Red Mare Beware

“Red Mare Beware!” It’s a saying many in the horse world have heard.  I first heard it from a jumping horse trainer when I was horse shopping years ago. “Stay away from a sorrel mare,” he elaborated. “They tend to be high-strung and bitchy.”

As the Summer of 2012 horse show season began here in the Treasure Valley and five-year old Annabelle started her first real season of competition, it very quickly became obvious that she was in this for the long haul.  My daughter practiced with a singularity of mind that I had never before witnessed.

If she wasn’t riding at a show she was practicing for one.  If I didn’t have the time to saddle her horse, she put a halter on him and coaxed him up the fence to climb on and ride bareback around the place.

If it was too muddy for her to ride, she used gallons of show sheen and packages of rubber bands braiding manes and tails.

If she absolutely couldn’t go outside with her horse, she practiced inside, creating elaborate routines of breaking, training and showing her seemingly endless stable of pretend show horses.  These routines involved a great deal of running around the house with a scarf or dog leash tied around her waist as reins, often supplemented by a necklace through her mouth as a bit, complete with well thought-out back stories for each horse, their ages, owner and their show plans.

To put it mildly, my girl was obsessed.

Annabelle was fortunate to have two show mounts to ride all summer, including the fantastic Smart Chic Dot Com, owned by our friend Kris, on which she won the Gem State Little Buckaroo Division year-end award as well as a fancy halter, a plaque and various other prizes over the course of the summer.  She also had her own horse, Grumpy, which she started showing late in the summer and immediately won her very first check on.

While we were fortunate to have these horses for her to learn to ride and to show on, I knew I need to be thinking about the “next generation.”  Chic was not our horse, and though Grumpy will likely be great for two or three more years, he is getting up there in age, and we would need a replacement mount sooner than later.  There aren’t many horses like Chic and Grumpy, and if you can find one that is for sale they are always extremely expensive.

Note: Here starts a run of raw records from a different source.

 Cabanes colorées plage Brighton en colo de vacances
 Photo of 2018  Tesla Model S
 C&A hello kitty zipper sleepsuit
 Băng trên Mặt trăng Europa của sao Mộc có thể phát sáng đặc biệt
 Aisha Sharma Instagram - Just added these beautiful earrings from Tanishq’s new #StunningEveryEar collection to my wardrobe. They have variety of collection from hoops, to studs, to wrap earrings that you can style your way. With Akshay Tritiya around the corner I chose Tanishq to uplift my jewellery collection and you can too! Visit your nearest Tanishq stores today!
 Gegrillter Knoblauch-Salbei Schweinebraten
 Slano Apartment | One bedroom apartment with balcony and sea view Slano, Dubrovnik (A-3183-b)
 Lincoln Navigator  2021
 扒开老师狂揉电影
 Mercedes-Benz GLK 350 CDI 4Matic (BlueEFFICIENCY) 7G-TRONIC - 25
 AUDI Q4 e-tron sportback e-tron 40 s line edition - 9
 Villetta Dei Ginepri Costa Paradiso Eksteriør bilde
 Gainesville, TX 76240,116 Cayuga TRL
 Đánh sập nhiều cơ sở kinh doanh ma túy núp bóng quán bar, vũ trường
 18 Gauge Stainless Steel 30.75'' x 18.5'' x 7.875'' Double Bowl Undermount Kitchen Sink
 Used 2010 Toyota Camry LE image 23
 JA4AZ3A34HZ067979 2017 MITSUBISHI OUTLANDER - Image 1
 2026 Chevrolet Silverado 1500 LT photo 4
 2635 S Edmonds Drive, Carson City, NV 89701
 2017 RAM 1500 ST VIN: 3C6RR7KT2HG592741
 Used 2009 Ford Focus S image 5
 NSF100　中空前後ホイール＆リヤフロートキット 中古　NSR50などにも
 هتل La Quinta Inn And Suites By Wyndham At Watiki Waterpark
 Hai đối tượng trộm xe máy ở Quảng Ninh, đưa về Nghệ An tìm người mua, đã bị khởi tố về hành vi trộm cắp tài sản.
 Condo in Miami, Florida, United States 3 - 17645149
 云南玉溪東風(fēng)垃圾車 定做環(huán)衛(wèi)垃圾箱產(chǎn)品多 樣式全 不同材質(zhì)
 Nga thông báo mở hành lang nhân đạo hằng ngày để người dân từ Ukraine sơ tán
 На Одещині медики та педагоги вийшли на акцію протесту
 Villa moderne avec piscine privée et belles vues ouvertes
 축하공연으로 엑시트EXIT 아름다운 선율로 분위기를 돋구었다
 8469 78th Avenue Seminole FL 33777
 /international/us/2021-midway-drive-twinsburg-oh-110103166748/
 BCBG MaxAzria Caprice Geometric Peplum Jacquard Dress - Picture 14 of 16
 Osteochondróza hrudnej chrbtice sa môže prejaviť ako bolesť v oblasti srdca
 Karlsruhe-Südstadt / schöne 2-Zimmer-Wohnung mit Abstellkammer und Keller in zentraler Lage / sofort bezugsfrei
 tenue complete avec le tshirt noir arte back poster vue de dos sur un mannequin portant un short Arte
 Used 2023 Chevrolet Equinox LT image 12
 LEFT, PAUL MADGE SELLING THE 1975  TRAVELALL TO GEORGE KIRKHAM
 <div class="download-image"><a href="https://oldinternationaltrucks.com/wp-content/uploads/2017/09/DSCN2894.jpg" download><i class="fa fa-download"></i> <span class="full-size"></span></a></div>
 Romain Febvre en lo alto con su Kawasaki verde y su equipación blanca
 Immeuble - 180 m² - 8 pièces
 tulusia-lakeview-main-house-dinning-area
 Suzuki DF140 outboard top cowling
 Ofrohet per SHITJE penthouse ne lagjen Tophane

Desperate Hubby and I talked it over, and we decided to pursue a more time-consuming and less-certain route, which would also be less spendy than going out to find a finished kid-safe show horse.  We would seek out a young horse that had the kind and gentle mind appropriate for our young daughter, and with the help of a trainer season and finish the training of the horse to have it ready for Annabelle in a year or two.  We would likely have the same amount of money in the horse by the time it was finished, but it would be on the pay-as-you-go plan.

I was pretty excited about this.  I hadn’t shown for years, since I had been injured in an accident riding a reined cow horse in 2005, and I thought it would be a good chance for me to get back in the pen a few times.  Who knew?  I might even like going back to showing reiners again, and I could help put the show miles on the new horse so it would be ready for Annabelle.  A win-win situation!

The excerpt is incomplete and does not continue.